Exercise details: Find the line below with "Guardias privados de" and the line with "Photo of Bathroom in Snow Pine Estates". Output them and the lines between, exactly, but not the pictures.

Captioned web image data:
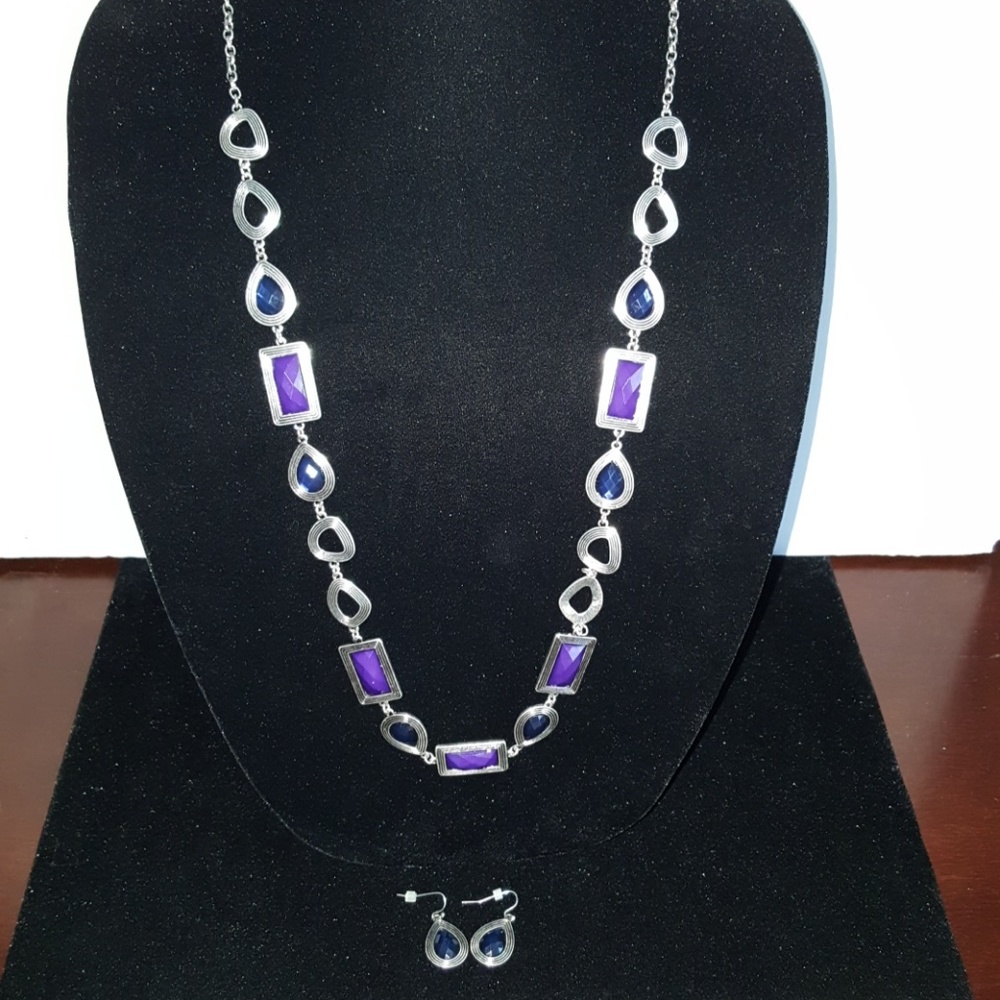 Long purple and silver tone necklace and earring s - Picture 1 of 1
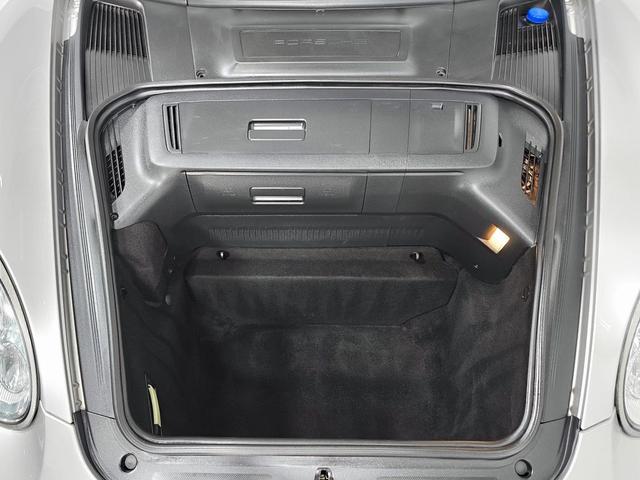 Photo of 2006 Silver Porsche Cayman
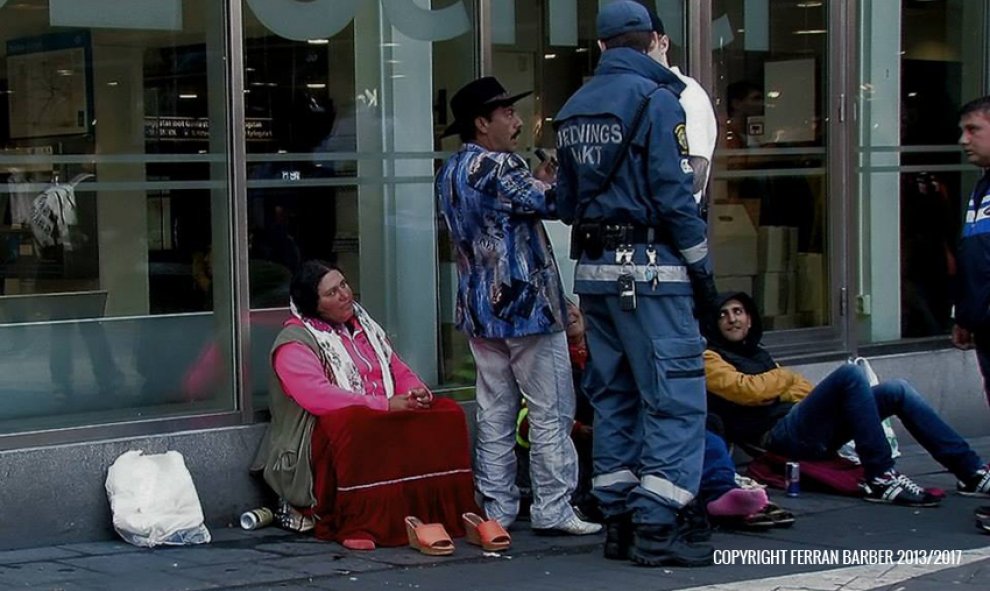 Guardias privados de seguridad identifican a un grupo de músicos gitanos de origen rumano, en el centro de Estocolmo./Ferran Barber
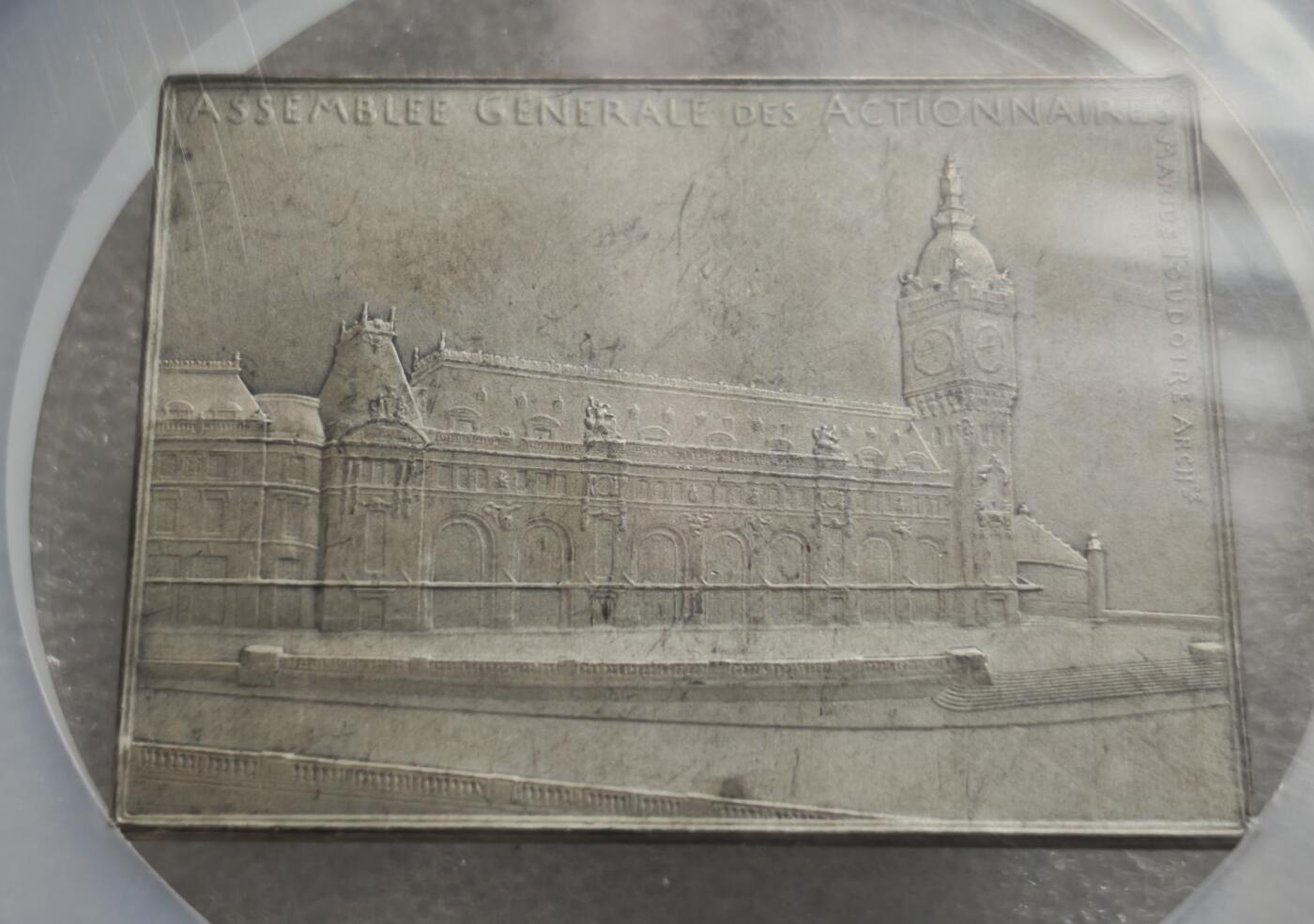 瓶子🏺第234期拍卖会  法国新艺术运动大师 Oscar Roty（奥斯卡·罗蒂，1846–1911） 设计的银质纪念章，为巴黎-里昂-地中海铁路公司（PLM） 而作  发行时间约1901年，正值巴黎里昂火车站建成（1900年）与PLM铁路网鼎盛时期 ​ PLM是法国19世纪末至20世纪初最重要的铁路公司之一，连接巴黎与法国南部及地中海沿岸​ Oscar Roty是法国新艺术运动章牌艺术的领袖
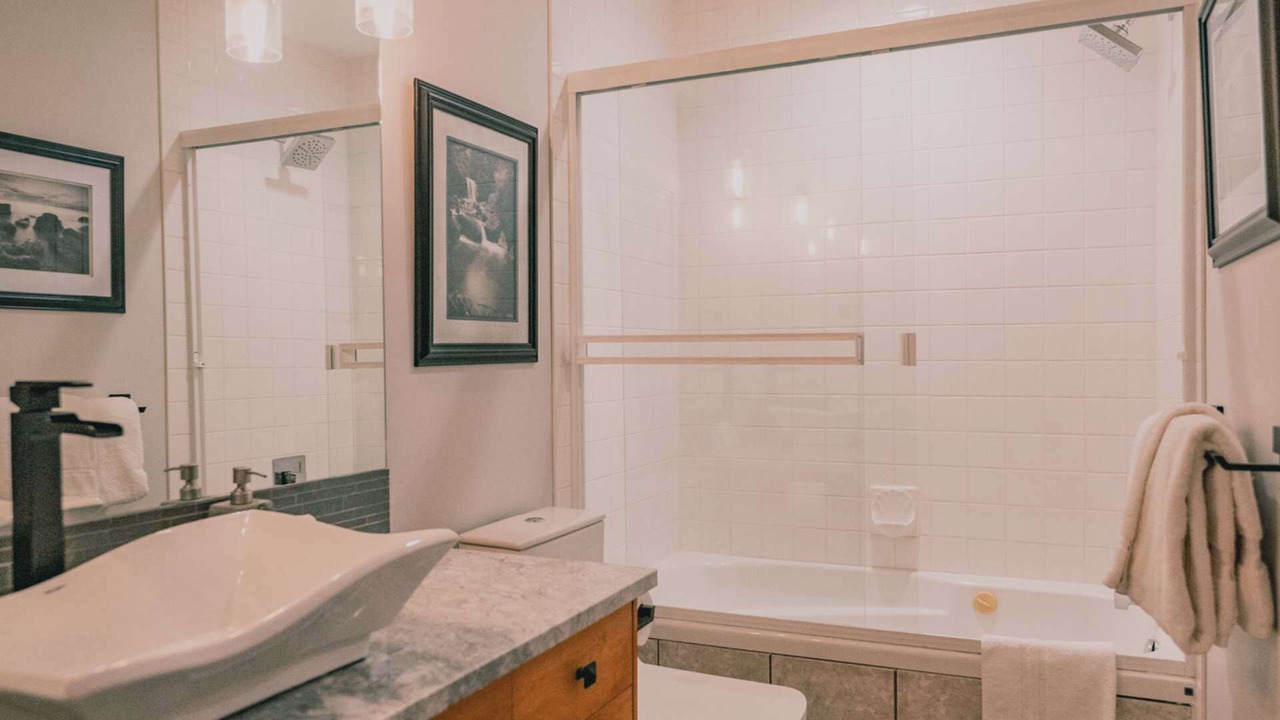 Photo of Bathroom in Snow Pine Estates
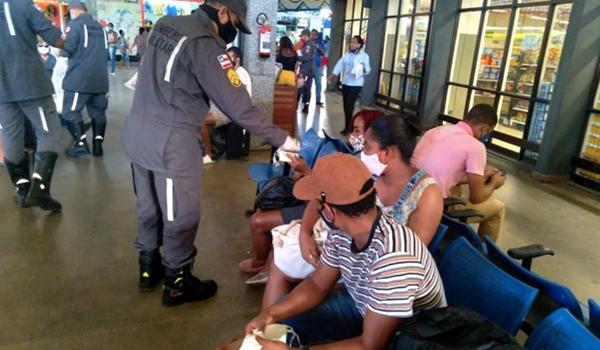 Bombeiros distribuem 4 mil máscaras de proteção contra a Covid-19 no Terminal Rodoviário de Salvador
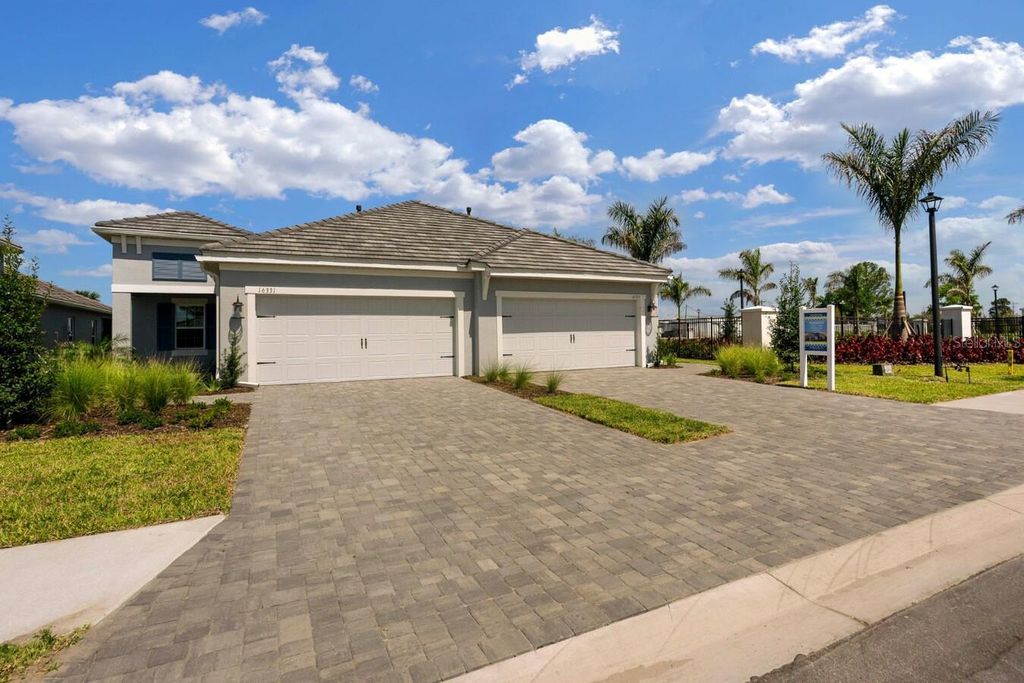 Photo of 2531 Beachcomber Inlet Loop #Tide Water, Lakewood Ranch, FL 34211 (MLS # O6298271)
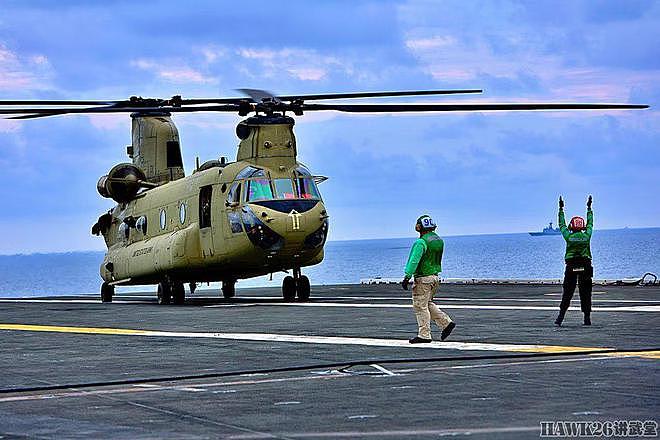 “支奴干”直升机降落在航母上 驻韩美军演练紧急情况的着舰作业 - 15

Written answer:
 Guardias privados de seguridad identifican a un grupo de músicos gitanos de origen rumano, en el centro de Estocolmo./Ferran Barber
 瓶子🏺第234期拍卖会  法国新艺术运动大师 Oscar Roty（奥斯卡·罗蒂，1846–1911） 设计的银质纪念章，为巴黎-里昂-地中海铁路公司（PLM） 而作  发行时间约1901年，正值巴黎里昂火车站建成（1900年）与PLM铁路网鼎盛时期 ​ PLM是法国19世纪末至20世纪初最重要的铁路公司之一，连接巴黎与法国南部及地中海沿岸​ Oscar Roty是法国新艺术运动章牌艺术的领袖
 Photo of Bathroom in Snow Pine Estates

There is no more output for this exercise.